Antisipasi Harga Naik di Libur Nataru, Satgas Pangan Sidak Pasar Banyuwangi

Ardian Fanani - detikNews
Sabtu, 26 Des 2020 14:33 WIB
satgas pangan banyuwangi
Satgas Pangan Banyuwangi monitoring harga dan ketersediaan bahan pokok (Foto: Ardian Fanani)
Banyuwangi -

Satgas Pangan Banyuwangi menggelar monitoring harga dan ketersediaan bahan pokok di sejumlah pasar di Banyuwangi pada libur Natal dan Tahun baru (Nataru). Sidak pasar itu sekaligus sosialisasi pencegahan penularan COVID-19.

Tim Satgas Pangan Banyuwangi yang terdiri dari Kepolisian, Dinas Koperasi dan UMKM, Dinas Pertanian dan Pangan, Dinas Kesehatan, dan Satpol PP melakukan sidak ke pasar Banyuwangi Jalan Satsuit Tubun dan Pasar Blambangan di Jalan Basuki Rahmat Banyuwangi, Sabtu (26/12/2020).

Tim satgas pangan yang dipimpin langsung Kanit Pidana Khusus (pidsus) Polresta Banyuwangi, Ipda Nuramansyah tersebut langsung turun ke pedagang memantau stok dan harga pangan.

"Kita cek ke pasar dan stok pangan masih aman, harganya juga akan komoditi yang harganya naik dan turun," ungkapnya kepada wartawan.

Menurut Nurman, harga dan stok kebutuhan pokok di pasar Banyuwangi cenderung stabil. Komoditas yang naik harga hanya minyak goreng curah, cabai rawit dan bawang putih. Sementara komoditi yang mengalami turun harga yakni telur dan ketan.

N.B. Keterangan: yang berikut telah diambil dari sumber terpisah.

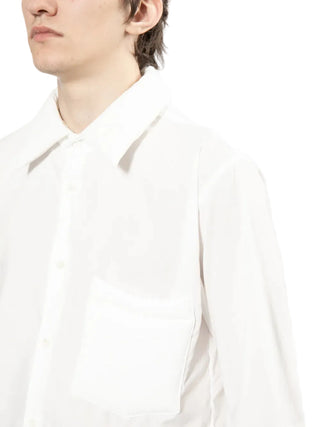 Close-up of a person wearing a white shirt on a white background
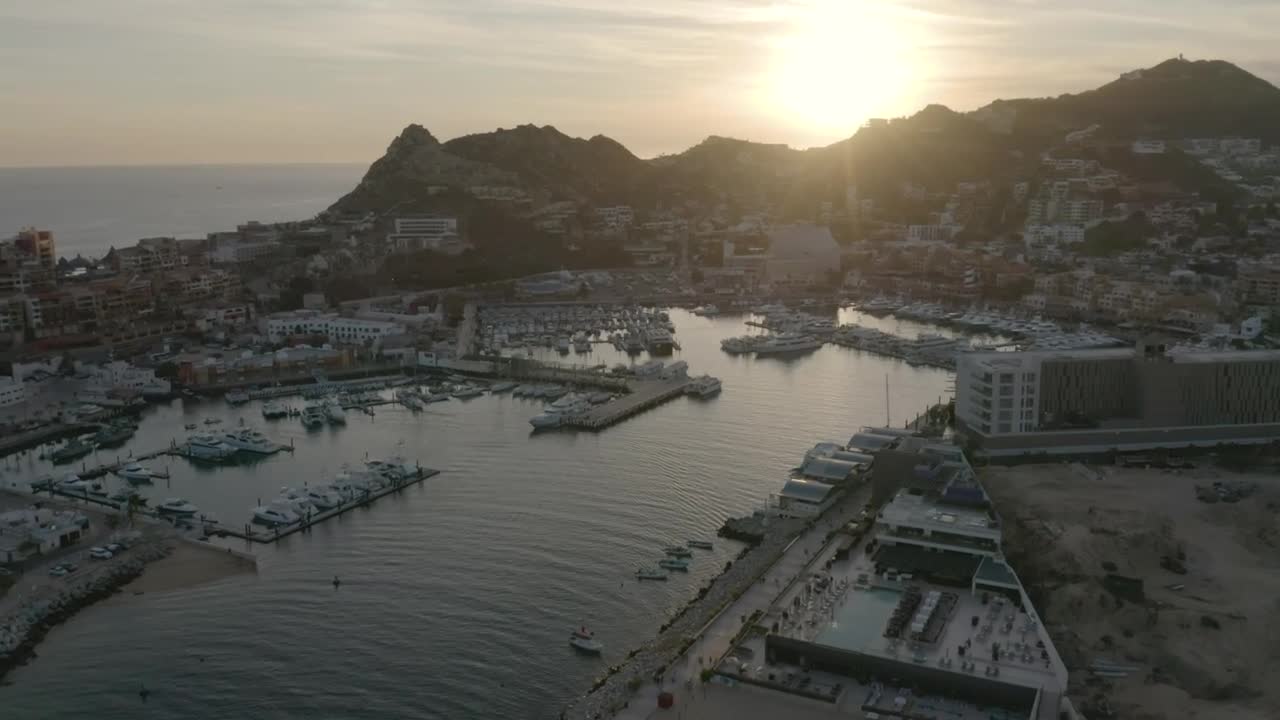 Stock Video Aerial View Of A Tourist Port During Sunset Live Wallpaper for PC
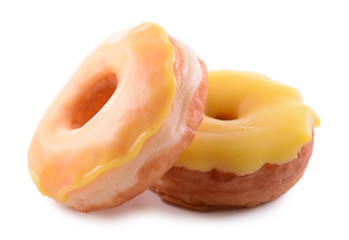 Delicious donuts with glaze isolated on white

Nurman menjelaskan, harga ketan turun dari harga Rp 12 ribu/kg menjadi Rp 11.700/kg. Harga telur yang semula pada kisaran harga Rp 26 ribu/kg turun menjadi Rp 25 ribu/kg. Minyak goreng curah justru naik dari harga semula Rp 9.000/liter kini menjadi Rp 14 ribu/liter, minyak goreng kemasan yang semula Rp 225 ribu naik menjadi Rp 275 ribu (per dua liter).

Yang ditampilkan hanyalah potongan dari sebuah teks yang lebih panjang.